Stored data
'''

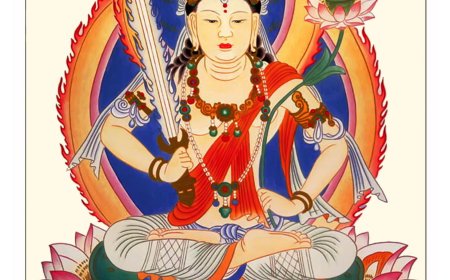 Bồ Tát Hư Không Tạng: Biểu tượng của kho tàng Trí Tuệ Và Công Đức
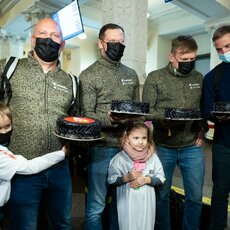 Vilniaus oro uoste sutikti Dakaro dalyviai | BNS nuotr. 22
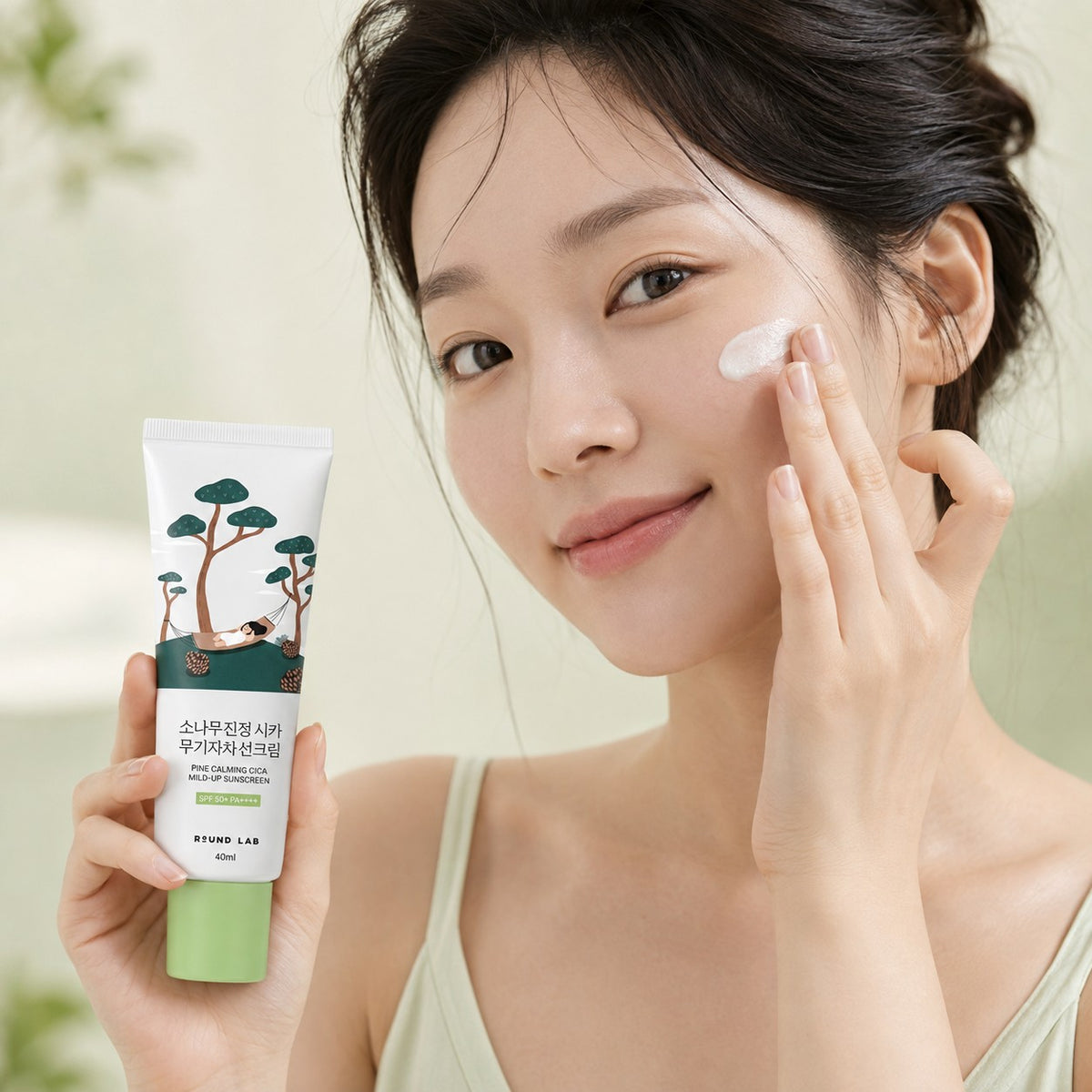 ROUND LAB — Protector solar suave y calmante con pino y centella · 40 ml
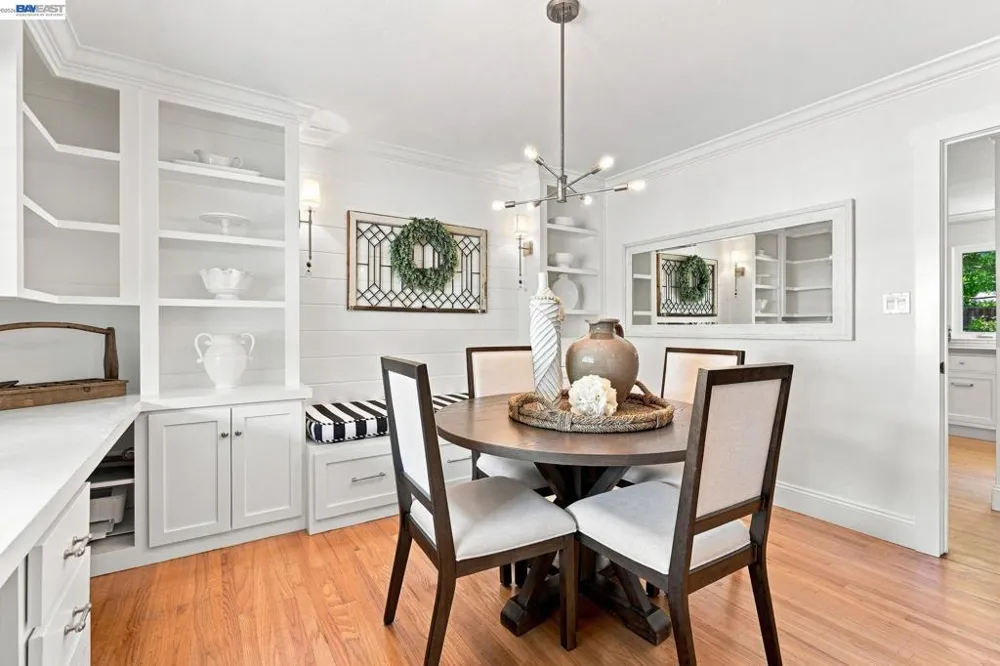 1712 Beachwood Way Pleasanton, CA 94566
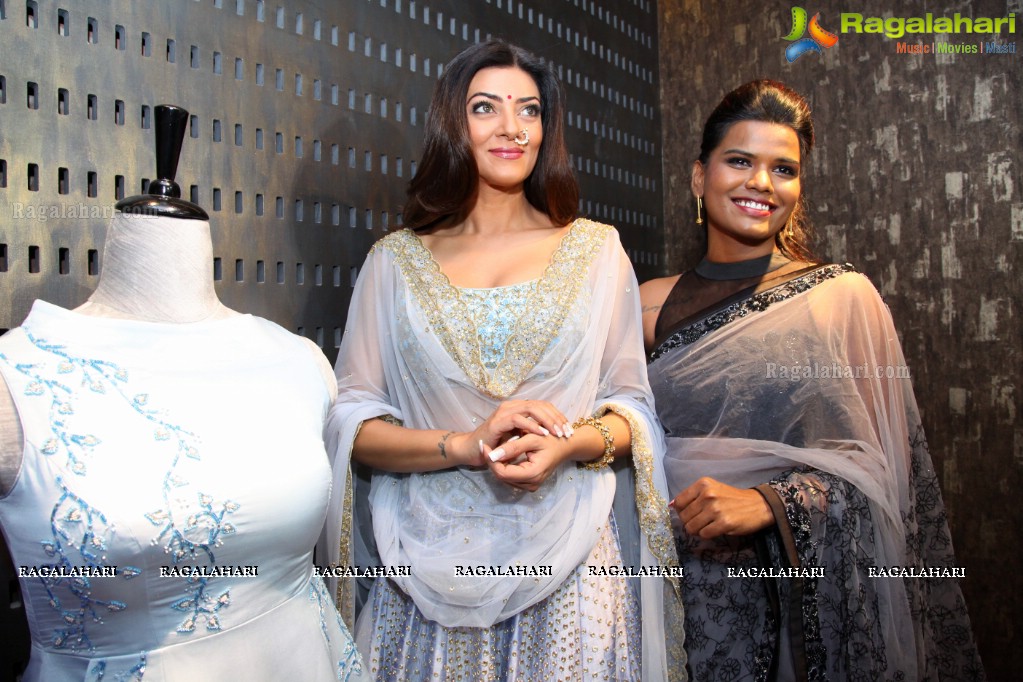 Sushmita Sen launches Sashi Vangapalli Store, Hyderabad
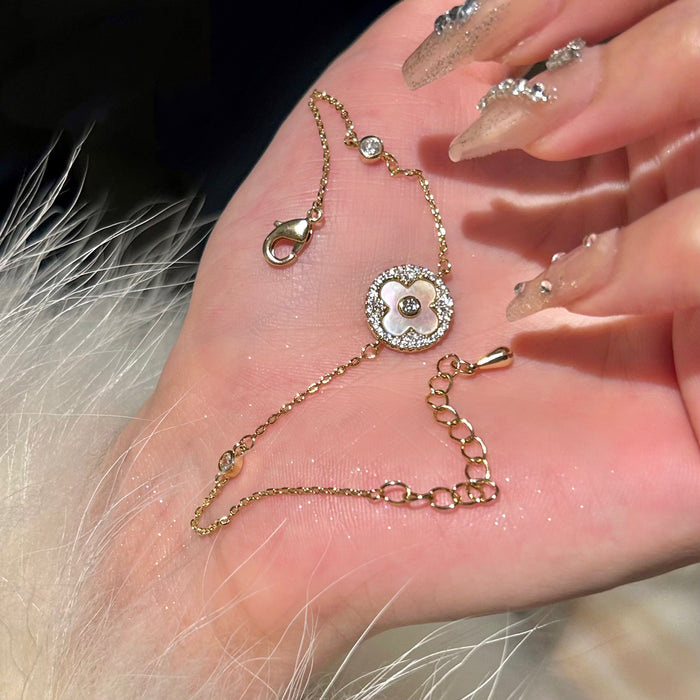 Wholesale lucky four-leaf grass bracelet temperament jewelry design jewelry women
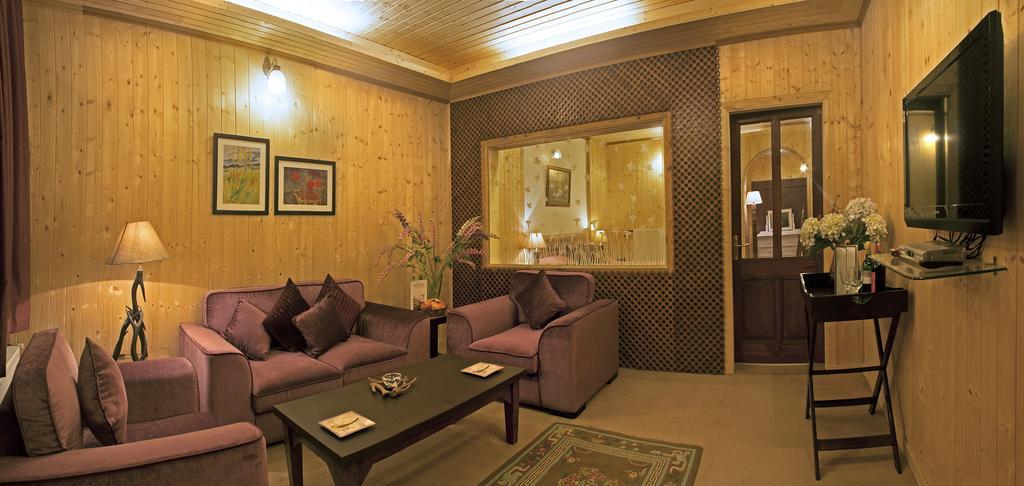 Nedous Hotel กุลมาร์ค ภายนอก รูปภาพ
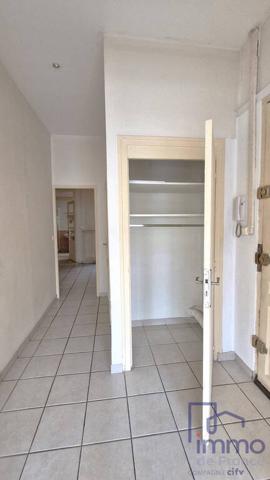 T2 BIS A PROXIMITE FACULTE JEAN MONNET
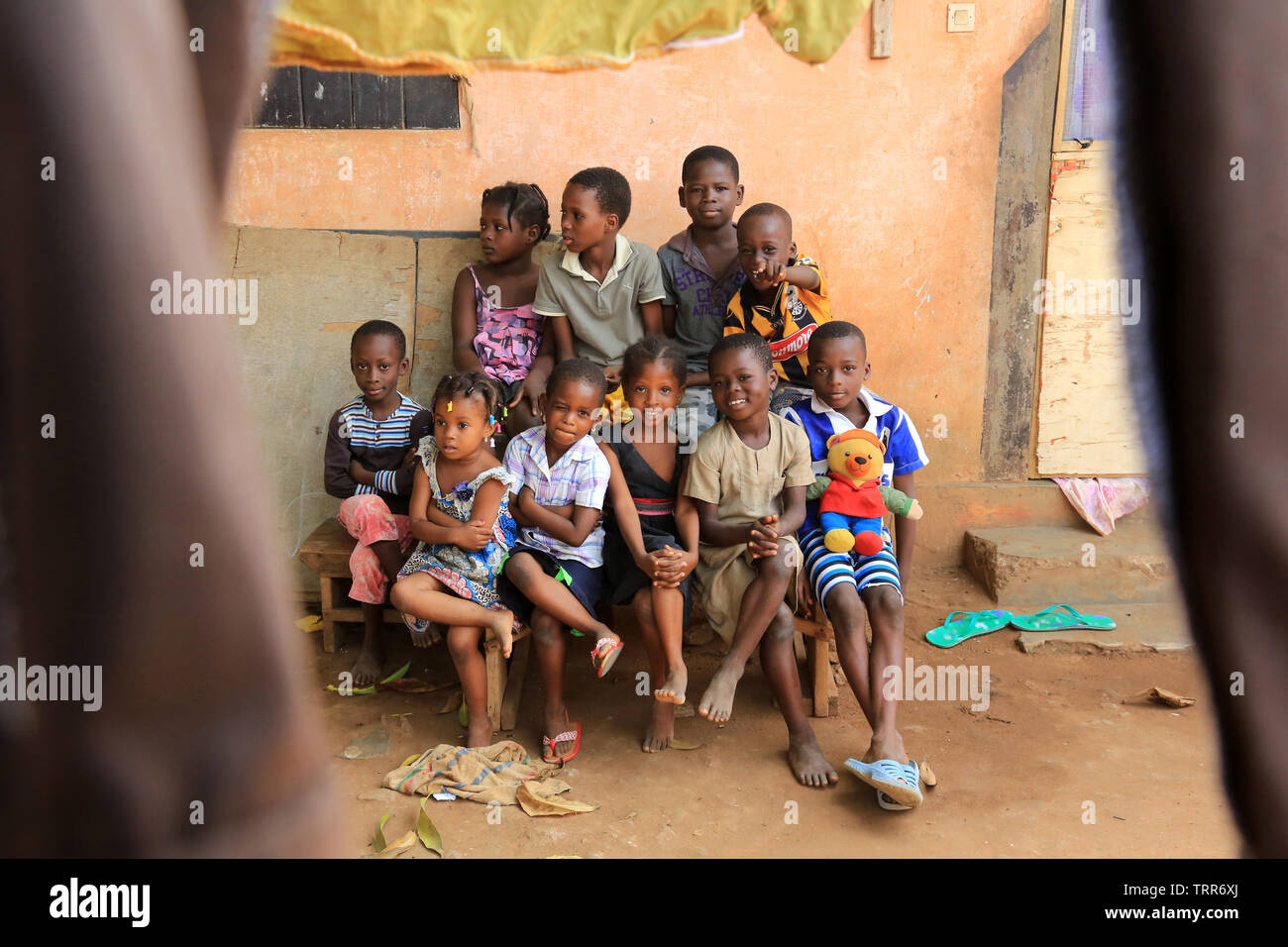 Groupe d'enfants assis sur onu banc. La convenzione di Lomé. Il Togo. Afrique de l'Ouest. Foto Stock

'''

◆ WHAT TO PRODUCE
What you write must match, line for line, the lines from the one with "1712 Beachwood Way Pleasanton, CA 94566" through the last line of the data above, minus the pictures.

◆ REPLY
 1712 Beachwood Way Pleasanton, CA 94566
 Sushmita Sen launches Sashi Vangapalli Store, Hyderabad
 Wholesale lucky four-leaf grass bracelet temperament jewelry design jewelry women
 Nedous Hotel กุลมาร์ค ภายนอก รูปภาพ
 T2 BIS A PROXIMITE FACULTE JEAN MONNET
 Groupe d'enfants assis sur onu banc. La convenzione di Lomé. Il Togo. Afrique de l'Ouest. Foto Stock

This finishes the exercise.